Варя с отчаянием всплеснула руками.

— Неужели, неужели я так противна?! Неужели, когда у тебя уж и не просишь никакой любви, когда я должна выйти за другого — и выйду непременно, ты не можещь мне дать ни минуты счастья... Один вечерок по-старому... Один вечерок... Саша! голубчик мой Саша!

— Я не для этого приехал, Варвара Ильинишна, — отвечал строго Лихачев. — Вы знаете, что вы бы меня не дождались долго, если бы не нужно было по делу... Пустите же меня...

Но она уже забыла все — и Троицкое, и жениха, и стыд, и гордость... Его рука была в ее руках: она то подносила ее к губам, то к щекам своим, то прижимала к своей груди; каким отвратительным показался ей чемо-дановский семинарист: худой, бледный, ядовитый, в очках, с каким-то незнакомым, чужим воздухом вокруг себя...

— О, милый, милый мой! останься! Один вечер, один час... Господи, зачем я не Палашка, не Марфушка твоя какая-нибудь... Держал бы ты меня где-нибудь в чулане — я бы сапоги тебе чистила, снимала бы с тебя их.

— Варя, оставь; брат придет...

— Ты боишься брата? Очень нужно! Вот дурака бояться... Никогда не боялся прежде. Нет, я тебя сегодня не пущу, это вздор... Ты у меня наверху до полуночи просидишь... Я не пущу тебя...

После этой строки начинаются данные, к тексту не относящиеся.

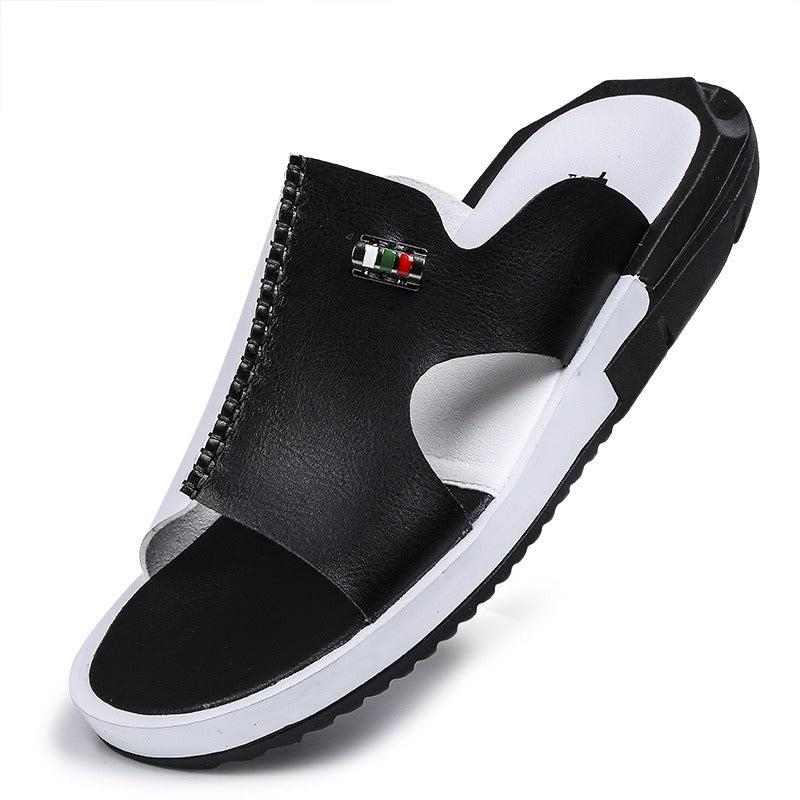 (🔥 Last Day Sale‼️)Men's Casual Two-tone Beach Walking Open-toe Slippers (Buy Two Get Free Shipping)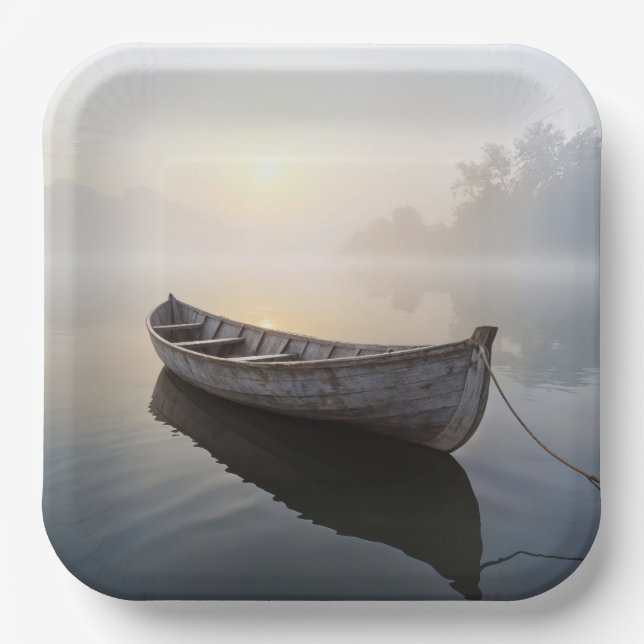 Assiettes En Carton Bateau en bois rustique sur un lac calme (Recto)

Лихачев бережно отстранил ее, очень бережно, едва коснулся только, стараясь высвободить свою руку, и сказал: «Нехорошо смотреть на влюбленную женщину, которую сам не любишь! Отвратительно!» Он сказал это нарочно, чтобы совсем покончить дело, хоть оскорбительно, унизительно для нее, но она была неисцелима, неумолима, непреклонна.

— А, ты бьешь меня, толкаешь! — закричала Варя, — ты думаешь, я позволю тебе себя бить... Я сама умею... Вот тебе...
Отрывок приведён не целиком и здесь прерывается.